7 Replies Latest reply on Aug 17, 2017 6:50 PM by Isaac Briseno

    Duplicates caused by joins

    Isaac Briseno

      Hello,

       

      I have a spreadsheet that has 2 tabs at different levels of detail

      - Tab 1: Detailed transactions per day

      - Tab 2: Equity balance at the end of the day for each account

       

      I'm trying to make a simple line chart of the sum of the equities of all the accounts, but the join is causing that the days that have transactions duplicate the data (screenshot below)

       

      Is there any way to fix this? I'm new to Tableau so I'm not even sure in which direction to continue, maybe Blending? or using FIXED? or I got the joins wrong? or something else?

       

      Additionally I have another sheet in the attached .twbx, so every time I try to fix my chart then the other one gets the data wrong

       

      Thanks and Regards,

      Isaac

       

      duplicates.png

      summaryGetsAffected.png

        • 1. Re: Duplicates caused by joins
          Chris McClellan

          Do you really need to join the data ?

          And if you do, then SUM() will possibly give the wrong answer (especially in this case where you're joining a detailed dataset to a summarised dataset.

           

          Check your join condition as well, with a full outer you're getting 50 records but with an inner you're getting 20 records.

           

          If you really need to join (I"m not convinced yet ) and you need the data to be right, then usually a LOD calculated field will fix the problem.

          • 2. Re: Duplicates caused by joins
            Isaac Briseno

            Hi Chris,

             

            I tried the inner join and as you mention the count goes from 50 to 20 records

             

            But when using the inner join the chart only shows data for the days that have transactions instead the closing equity balance of each day of April

             

            What is the alternative to the join? is it blending? or Tableau has something else?

             

            Regards,

            Isaac

             

             

            aprilDays.png

            • 3. Re: Duplicates caused by joins
              Chris McClellan

              Isaac Briseno wrote:

               

              But when using the inner join the chart only shows data for the days that have transactions instead the closing equity balance of each day of April

               

              Ah OK, I'm looking at the data a bit more now.  You might want to read this Join Your Data

               

              But your Equity datasource has a record for every day, but the Trade datasource has a record only when there was a trade (obviously).

               

              I'm still guessing a lot about what you want to do with all the data, but you could get closer to what you're after by doing a left join.  That way you get all the equity dates, but still get the trades on the days when they are available.

               

              I'd also suggest trying to do this without joining - that way your equity (basically an "end of day balance"  datasource) is one datasource, and your trade (when a trade is placed and the results of that trade) data is a different datasource.  So no joining, no blending, just 2 completely independent datasources.

               

              BUT, I'm making a lot of assumptions about what you're trying to get done as an end result, so I'd suggest playing with this but it might not do exactly what you want.

              1 of 1 people found this helpful
              • 4. Re: Duplicates caused by joins
                Isaac Briseno

                Thanks a lot Chris!

                 

                I had all my Tableau concepts wrong about Connections, Data Sources, The Excel sheets that get added

                 

                Not joining and having independent data sources as you suggested was the solution

                 

                I didn't know how to do it but doing some research based on your post I found the following article

                 

                http://kb.tableau.com/articles/howto/connecting-multiple-data-sources-without-joining-or-blending

                 

                Regards,

                Isaac

                • 5. Re: Duplicates caused by joins
                  Okechukwu Ossai

                  Hi Isaac,

                   

                  Just to emphasize what Chris said earlier.....

                  If you must join the data sources to get the analysis done, then I'd suggest using an LOD expression to calculate the correct Amount USD.

                   

                  The issue you have is that Equity Tab is at the Account level of granularity while the TradeTrans Tab is at the Symbol level of granularity.

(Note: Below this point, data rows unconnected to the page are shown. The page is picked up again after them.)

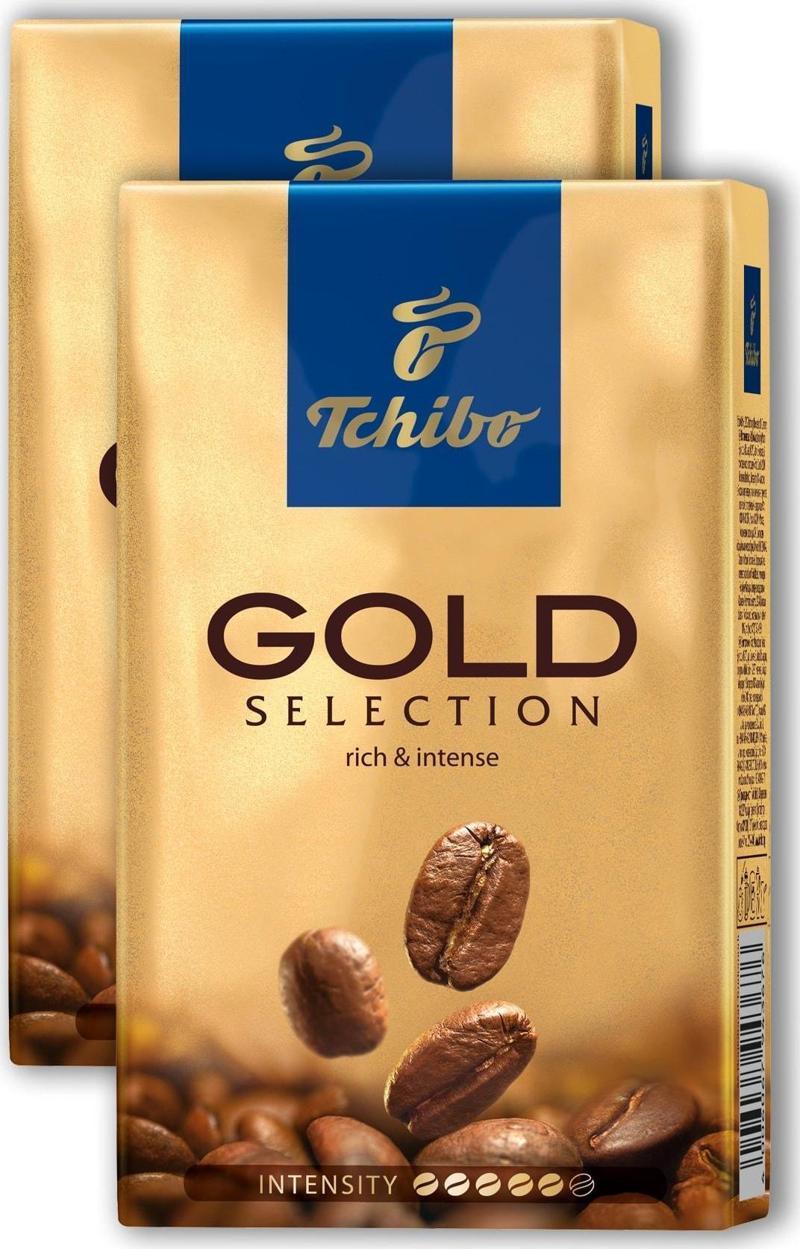 Gold Selection Öğütülmüş Filtre Kahve 2 x 250 gr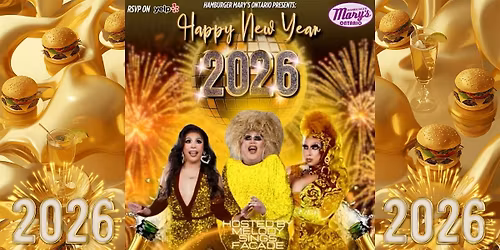 Gold & Glam: New Year\u2019s Eve Dance Club - 2026 Extravaganza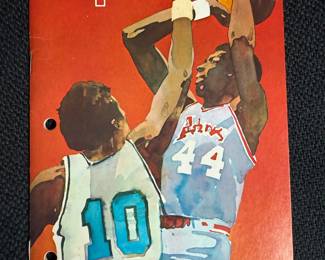 Sports stamp collection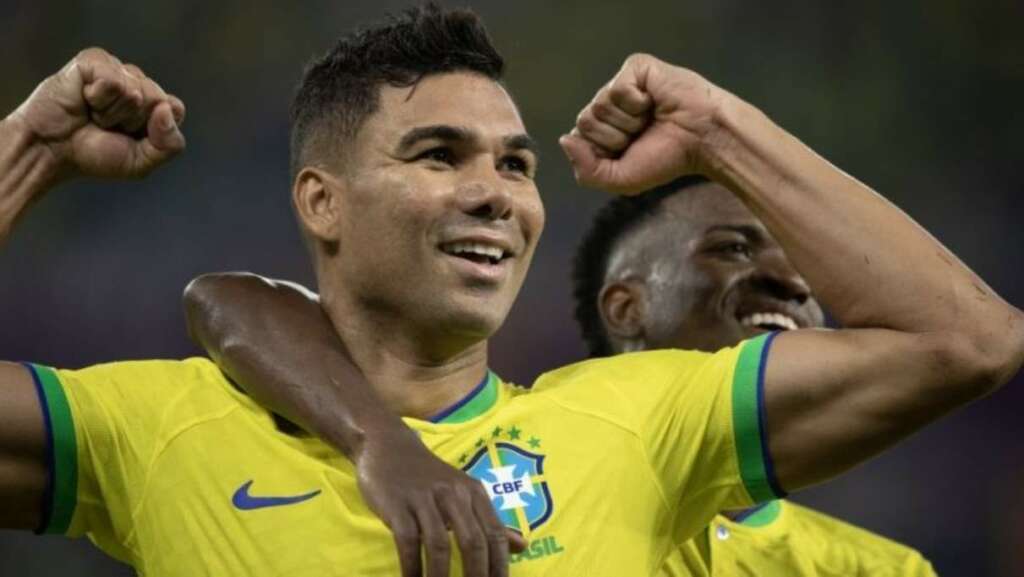 Ari na Copa: Deu apenas pro gasto na vitória do Brasil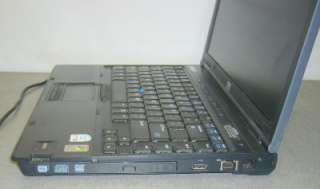 HP Compaq nc6400 Laptop Core 2 Duo 2.00GHz 2GB Ram No HDD  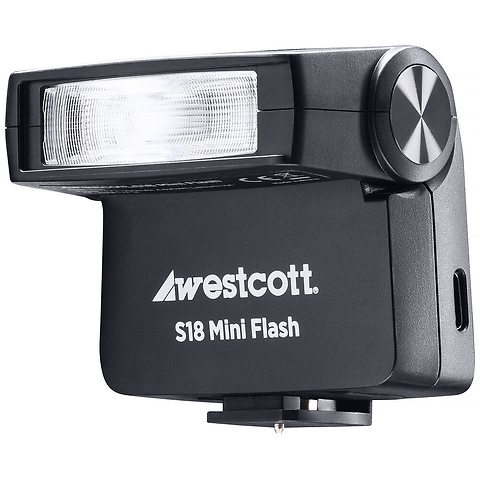 S18 Mini Flash Image 1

So, each Account is repeated for every Symbol record in the TradeTrans Tab for any given date. For example there are 8 repeated records for 26th April; 4 each for USA and Mexico respectively.

                   

                   

                   

                  Using an LOD expression to recalculate Amount USD at the Account level will resolve the issue

                   

                  [Amount USD per Account]

                  {FIXED [Equity Date], [Account]: MAX([Amount USD])}

                  This will sum Amount for both countries and give $107,300 for 26th April . Modify this if you wish to calculate Amount at country level.

                   

                   

                   

                   

                  Hope this helps

                  Ossai

                  • 6. Re: Duplicates caused by joins
                    Okechukwu Ossai

                    I was writing my comments same time as Chris, so didn't realize this has been resolved. Glad you found the solution at last.

                    1 of 1 people found this helpful
                    • 7. Re: Duplicates caused by joins
                      Isaac Briseno

                      Thanks!

                       

                      I'm checking your solution as I think that it will be useful when the requirement forces me to join

                       

                      Fortunately this time separating the data sources worked

                       

                      Regards,

                      Isaac